# Rat Manor Opinions



## thenightgoddess (Apr 2, 2014)

I went into both petco and petsmart today as well as savers and goodwill to try and find a cheap but large enough cage for Toto to be in. For the people that might not know he is by himself now because he attacked both me and his cage mate on monday and I am hoping to get him neutered eventually. Right now he is only in my temporary rat cage that isn't large enough for him long term. I didn't find anything at goodwill or savers. The cheapest one that petsmart had was $47 which is a little to much. For some reason the petco near me has there rat manors priced at only $22 even though the website says they are $100 normally $80 on sale.
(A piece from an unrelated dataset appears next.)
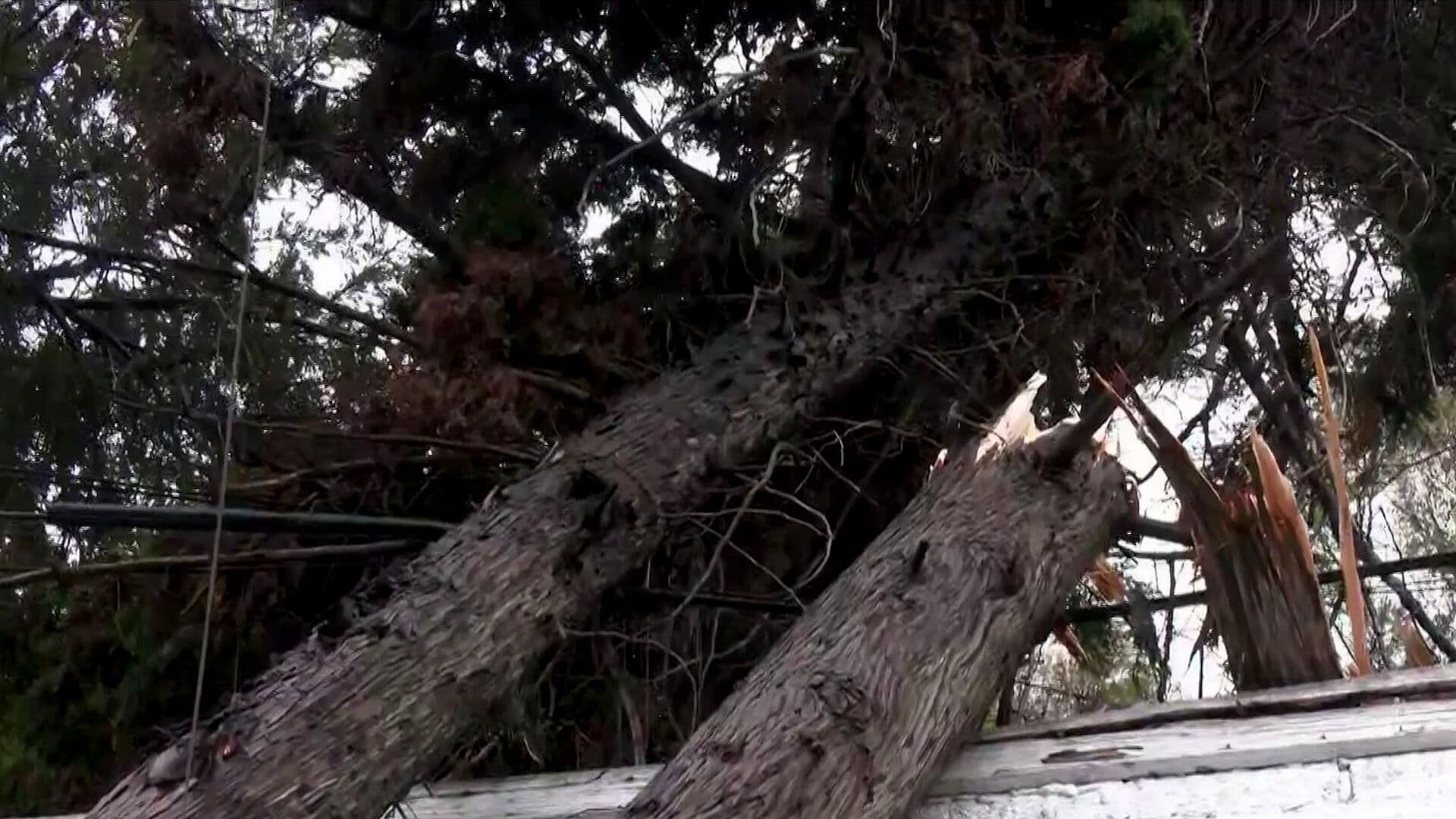 Árbol Cae sobre Barda y Daña Poste en Azcapotzalco, CDMX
I have never really liked the look of the cage though. Anyone have an opinions on it? I know a lot of people start out with that cage and upgrade later on. Also how easy is it to cover the levels with fleece I already have the fleece I would just have to do it. I will probably be buying it on friday if I were to get it.


----------



## RattieLover1331 (May 21, 2013)

I currently have this cage right now. Not that bad really. 

It's a good starter cage honestly. It is a little heavy, and kinda a pain to clean, but overall I'm fine with it.
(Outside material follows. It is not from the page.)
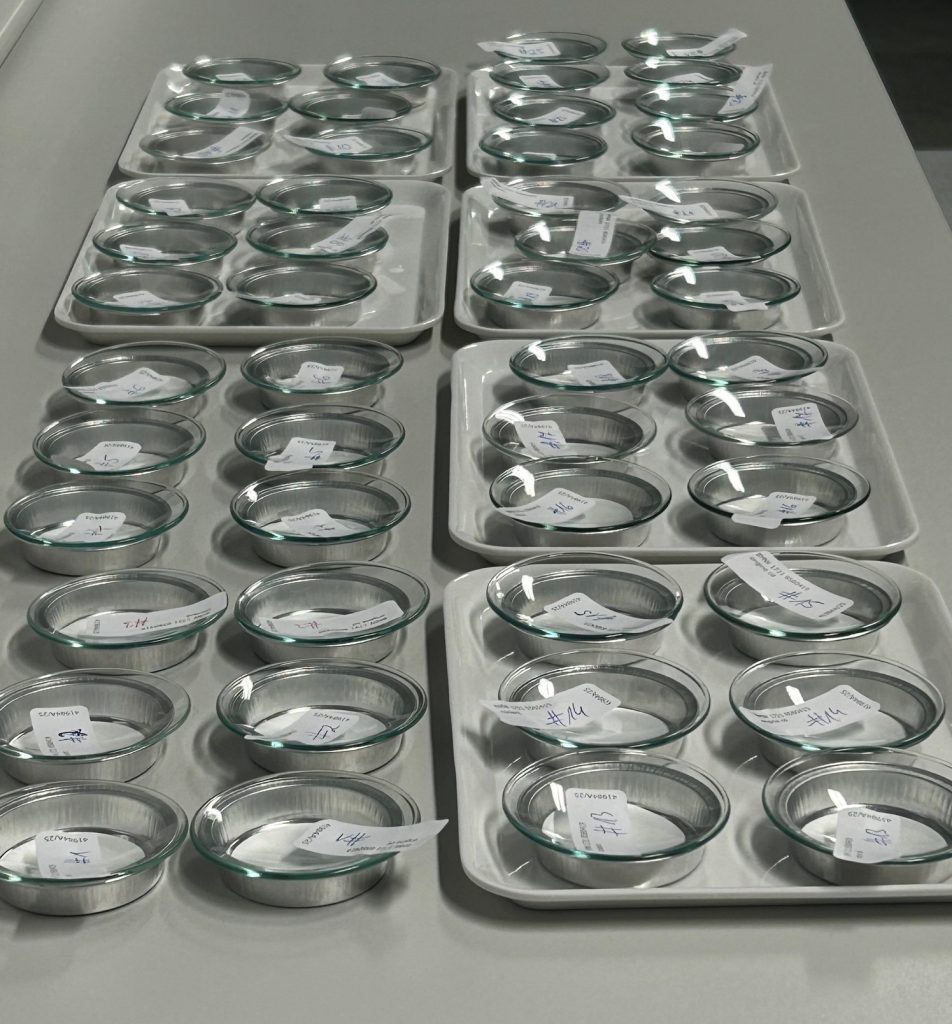 Laborkapazität für SEM-EDX Partikelanalytik erfolgreich getestet | RJL ...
I would say go for it, especially at $22..


----------



## ksaxton (Apr 20, 2014)

I've never had this cage but it looked decent enough for 1 rat, and for $22 I would get it. That's really really cheap, you can't even find used cages for that cheap usually


----------



## gotchea (May 4, 2013)

Yea that is crazy cheap! I had it and I wasn't too fond of it, but for 22 you can't beat it. I took all the levels out though. I hated them. They are awful trying to clean.


----------



## Mrs.Brisby (Jan 4, 2014)

Two of my younger girls are in a rat manor. I actually think it's pretty easy to clean. I just take the entire cage and put it in the bathtub and run the shower for a bit. Or if it's nice outside I just put it on the porch and use a hose. The smaller levels are a pain in the ass to put in, as is trying to secure the fleece. I used bobby pins to secure the fleece on the shelves and levels.


----------



## kksrats (Jul 25, 2014)

I'd totally buy that for $22! I have something similar that I got for $40 :/ wish there was a petco here lol


----------



## Ratpax (Aug 24, 2014)

I'd snap that up, too, for 22 bucks.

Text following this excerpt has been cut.